Records excerpted from a collection
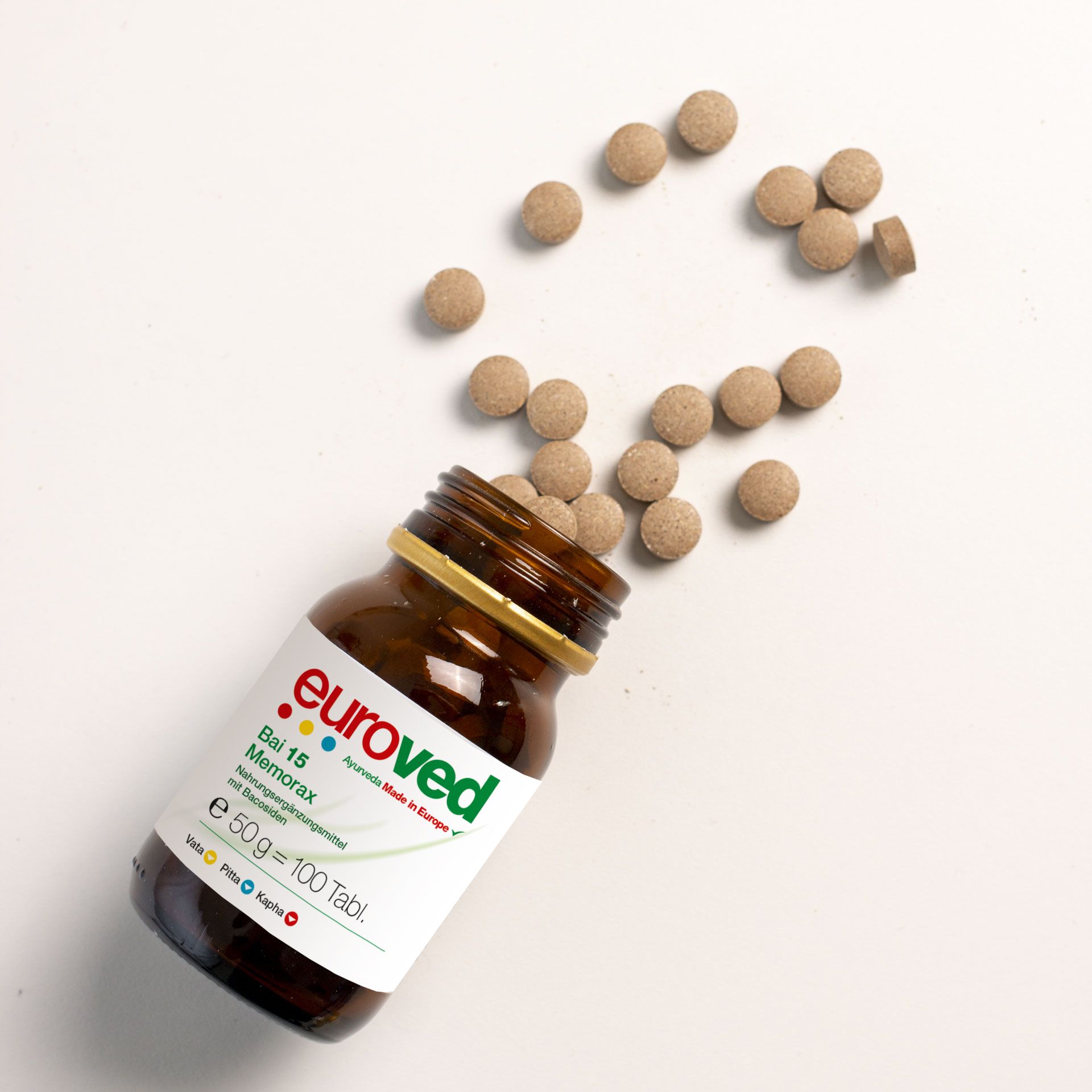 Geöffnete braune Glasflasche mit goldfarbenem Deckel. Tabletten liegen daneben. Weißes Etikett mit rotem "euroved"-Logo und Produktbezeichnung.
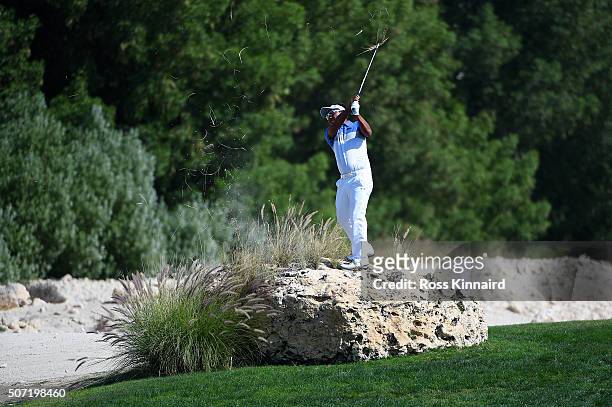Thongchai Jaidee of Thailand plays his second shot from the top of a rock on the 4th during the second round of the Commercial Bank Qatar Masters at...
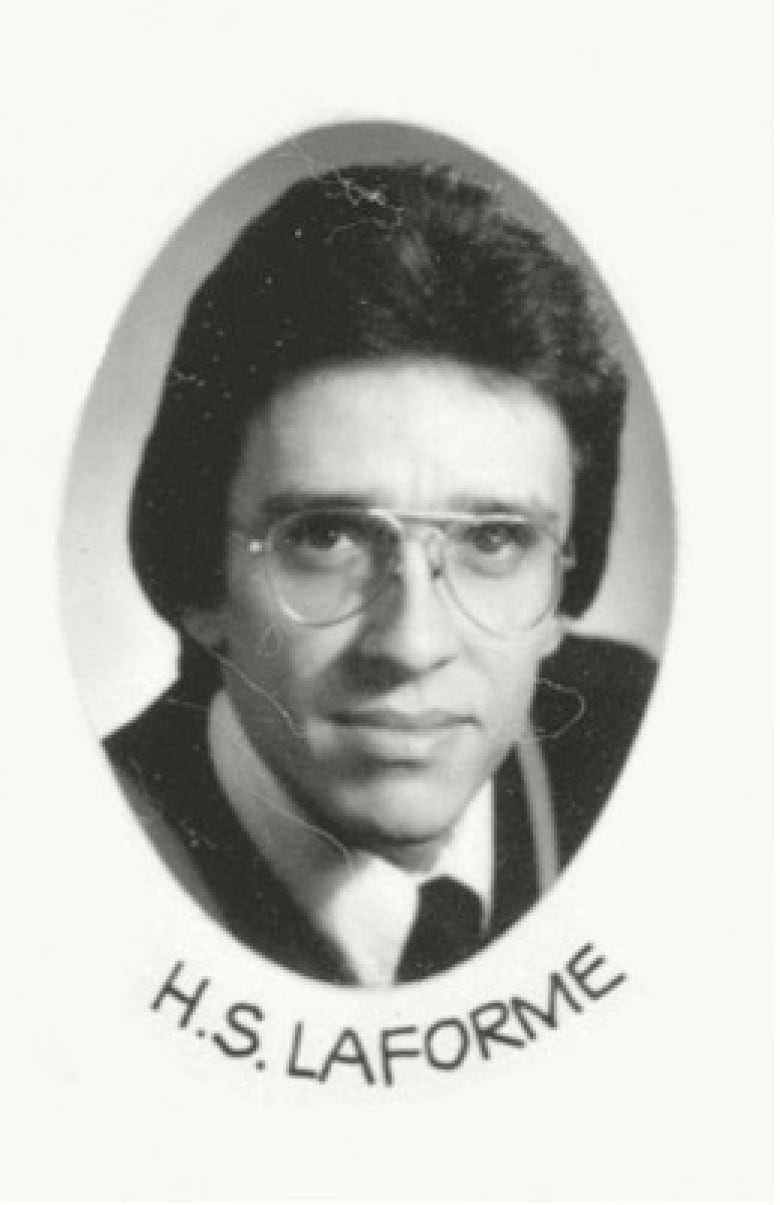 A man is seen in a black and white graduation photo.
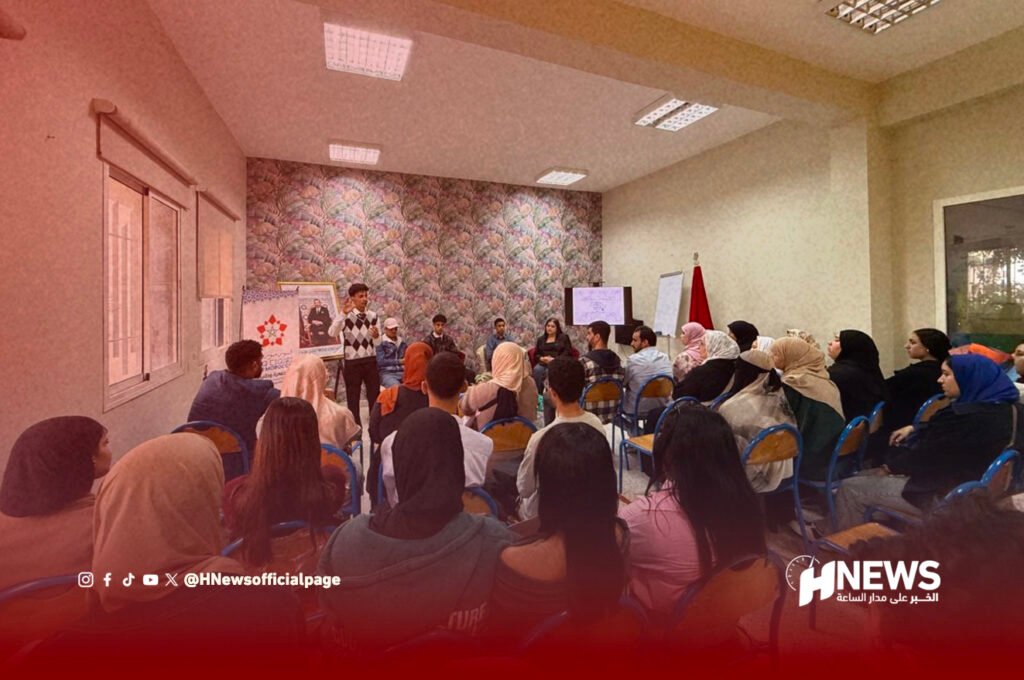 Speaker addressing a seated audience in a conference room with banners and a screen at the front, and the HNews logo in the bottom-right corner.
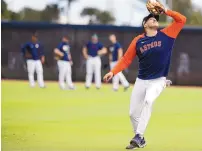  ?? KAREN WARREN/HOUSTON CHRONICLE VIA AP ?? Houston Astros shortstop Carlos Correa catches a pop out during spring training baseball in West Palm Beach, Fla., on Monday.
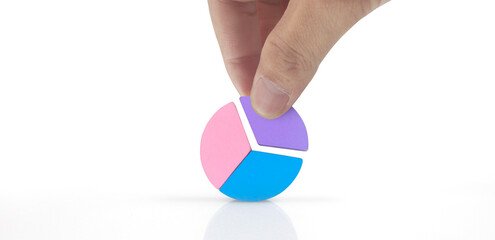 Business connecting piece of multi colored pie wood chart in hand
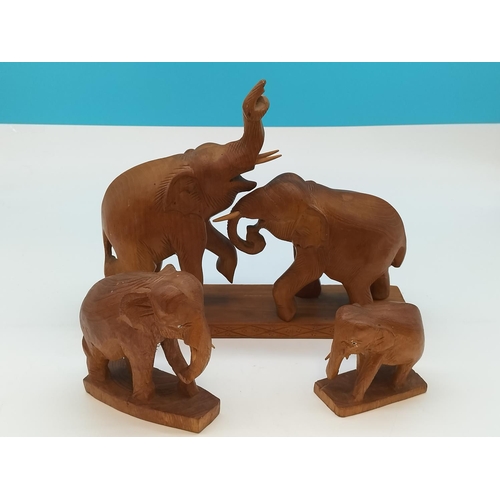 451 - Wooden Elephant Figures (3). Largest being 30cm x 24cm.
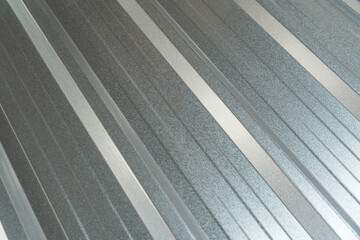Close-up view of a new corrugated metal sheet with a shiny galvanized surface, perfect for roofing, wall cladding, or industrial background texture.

THE PROBLEM:
Would you write out exactly the lines of the data from the one holding "Business connecting piece" to the final line, both included, with pictures left out?

TASK RESULT:
 Business connecting piece of multi colored pie wood chart in hand
 451 - Wooden Elephant Figures (3). Largest being 30cm x 24cm.
Close-up view of a new corrugated metal sheet with a shiny galvanized surface, perfect for roofing, wall cladding, or industrial background texture.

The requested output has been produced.